Choices, choices, choices. User requirements and non-functional requirements are just the beginning of the balancing act of services development. New development paradigms usually take a few years before their practitioners get a handle of the factors that they need to balance.
In the case of microservices, this balancing act comes down to three things: granularity, data consistency, and performance. The most usable and best-performing services built on the microservices architecture will find a balance of these three factors that work for the developers, users, and the business. Let’s start by defining these three factors in the context of microservices architecture.
To be more specific: how many microservices and how granular the functionality of the services. The ultimate goal is to have the most granularity possible. Microservices architecture calls for the creation of a set of distinct functions that run on demand and then shut down.
The purpose of the granularity is twofold. Firstly, granularity enables rapid deployment of fixes and updates without lengthy and expensive testing cycles. Secondly, by execution on demand in a ‘serverless’ construct, the right level of granularity can help reduce cloud based infrastructure costs.
Since the microservices architecture calls for a discrete set of small functions defining an application or service the question arises as to how data will be passed between and acted upon by multiple functions while remaining consistent. Also, the question needs to be asked as to how multiple services built on microservices will access common data.
Think about a logistics system where multiple services, booking, confirmation, insurance, tracking, billing, and so on, each consist of multiple microservices functions and also need to pass information between them. Although the intent of this article is not to explore persistence technologies, some examples are: DBMS, journals and enterprise beans. The function of all of these and many others is to have data outlive the process that created it.
The starting and stopping of a process, even a microservices process, takes time and processing power. That may seem like an obvious statement but it requires some thought. If a process starts once and remains idle waiting for an input to run, there is no start-up delay except for the original startup or starting additional processes to handle the load.
In a microservices scenario, each time an input is received a process is started to handle the request. Then once the process ends its execution the process is shut down. This is an area where pre-provisioning of microservices servers (as in Microsoft Azure’s container based microservices solution) could be of benefit.
Granularity, as defined above, is the ultimate point of balance in a microservices architecture. While trying to make their services as granular as possible, if a team makes their microservices too granular, problems arise in the data consistency/persistence and performance realms. If the services aren't granular enough you might get performance gains but you lose resiliency, flexibility, and scalability.

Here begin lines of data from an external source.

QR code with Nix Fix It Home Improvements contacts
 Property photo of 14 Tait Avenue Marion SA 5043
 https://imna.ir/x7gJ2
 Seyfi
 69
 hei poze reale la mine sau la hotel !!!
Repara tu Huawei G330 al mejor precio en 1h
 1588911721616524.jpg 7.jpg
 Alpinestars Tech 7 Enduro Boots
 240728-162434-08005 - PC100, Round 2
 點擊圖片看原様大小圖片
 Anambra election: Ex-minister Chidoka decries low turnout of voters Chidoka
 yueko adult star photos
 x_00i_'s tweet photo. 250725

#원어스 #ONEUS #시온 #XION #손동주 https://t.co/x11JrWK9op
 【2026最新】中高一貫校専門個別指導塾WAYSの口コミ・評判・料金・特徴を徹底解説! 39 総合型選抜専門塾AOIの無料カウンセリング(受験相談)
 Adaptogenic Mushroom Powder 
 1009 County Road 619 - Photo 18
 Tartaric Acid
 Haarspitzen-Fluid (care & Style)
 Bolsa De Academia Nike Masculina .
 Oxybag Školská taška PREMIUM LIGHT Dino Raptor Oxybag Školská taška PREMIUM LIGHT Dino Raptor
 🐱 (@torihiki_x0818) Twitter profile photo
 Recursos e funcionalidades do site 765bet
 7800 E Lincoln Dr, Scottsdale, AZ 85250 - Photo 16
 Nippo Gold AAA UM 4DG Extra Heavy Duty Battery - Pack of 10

If a service is built in too granular a form, data consistency can become difficult simply because of the rise in the number of data connections and elements that need to be kept consistent. Performance suffers, in an overly granular scenario, due to the processing requirements of startup and shutdown, as described above.
The balance between the various functional requirements, non-functional requirements and the will to utilise new paradigm capabilities can lead to many different balancing scenarios. Realistically, creating a solid microservices based environment comes down to basic application architecture principals.
Understanding the needs and architecting the solution based on all the functional and non-functional requirements. When developing in a microservices architecture we need to resist the temptation to go too granular in order while also introducing the scalability and flexibility that the microservices architecture is known for.